The personages present no doubt underscored both the importance of the meeting and the gravity of the situation at hand. Governor Akinwunmi Ambode of Lagos State was to follow up with a meeting of the reconstituted Joint Committee Task Force to manage the chaotic traffic situation and restore sanity, especially in the Apapa axis. The task force comprised all heads of military, paramilitary and traffic management corps in the state. Their immediate mandate is to make sure that the roads of Apapa are not totally locked down any longer.
For a holistic handling of a dire situation, the vice president especially directed the Minister of Power, Work and Housing as well as the Managing Director, NPA, to implement clear objectives to tackle the Apapa gridlock. He urged them to “look at all components and find quick solution.”
Holistic solution under way
Fashola pointed out the processing capacity at the Lagos ports which he claimed rose from 34 million metric tonnes of cargoes per annum initially to 84 million currently. He also bemoaned the poor traffic management along Apapa access roads. Ms. Usman promised a formidable task force to address the issue. But the twain who are the key dramatis personae in the Apapa conundrum assured that a comprehensive solution was afoot.
Most other stakeholders present pledged support in different dimensions to help unravel the Apapa gridlock, which has lingered for quite some time and defied previous administrations.
Dangote is handling palliative work and reconstruction of Apapa Road leading into the wharf. Honeywell Group would build trailer parks while Bua would handle construction works on Tin Can roads.
Further, the NPA pledged to bar fresh licenses for tank farms in Apapa; manage better, trucks and tanker movements in the ports, introduce intermodal transportation for ease of evacuation at the ports, among other measures.
Would this presidential chopper ride imbue a better view of this crisis and lead to a quick and eventual solution as the vice president envisaged?
About time we say.
Apapa is home to two major ports, the Apapa Port Complex and the Tin-Can Island Port Complex; as well as numerous terminals. The lock-down which has prevailed in the last five years is said to cost the ports about N10 billion daily.
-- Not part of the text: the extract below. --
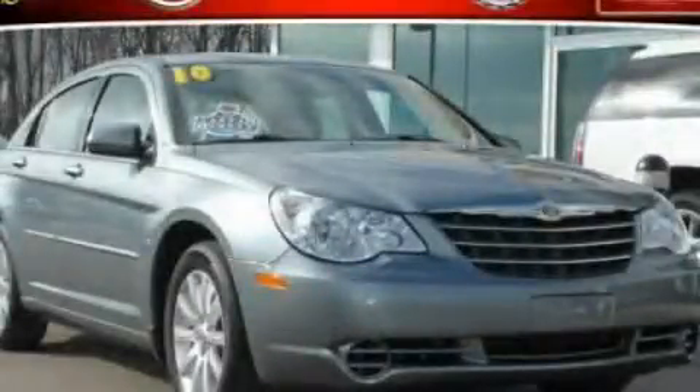This is a 2010 Chrysler Sebring. It has a 2.4-liter four-cylinder engine and an automatic transmission.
But this is only as concerns earnings from the ports. The cost of what may be described as momentary madness on the entire Apapa community would be incalculable. Numerous businesses and companies in that axis have scaled down or closed shop entirely. Apart from day businesses, nightlife, which was among the most robust in the state because of proximity to seaports virtually disappeared as human and vehicular traffic came to an almost standstill.
Heavy toll on infrastructure
There is health hazard from dust, fumes and refuse. Then the near permanent fixture of heavy articulated vehicles on all the bridges in Apapa and environs must have exacted a heavy toll on the infrastructure. Those bridges built during the age of innocence, so to speak, would be difficult to replace today should they become breached.
We conclude that the Apapa debacle signposts a failure of will, failure of imagination and indeed, failure of the state. Why for instance, should cargoes headed for the east and south south berth in Lagos only to be hauled by road? Why can’t the ports of Calabar, Warri and Port Harcourt be developed to decongest the Lagos ports?
We wager that what the vice president and the stakeholders have done is mere reconnaissance; Apapa is a deep sore, the shame of our nation. It is an emergency and only a presidential task force may be able to untangle this sustained logjam and reclaim the ports.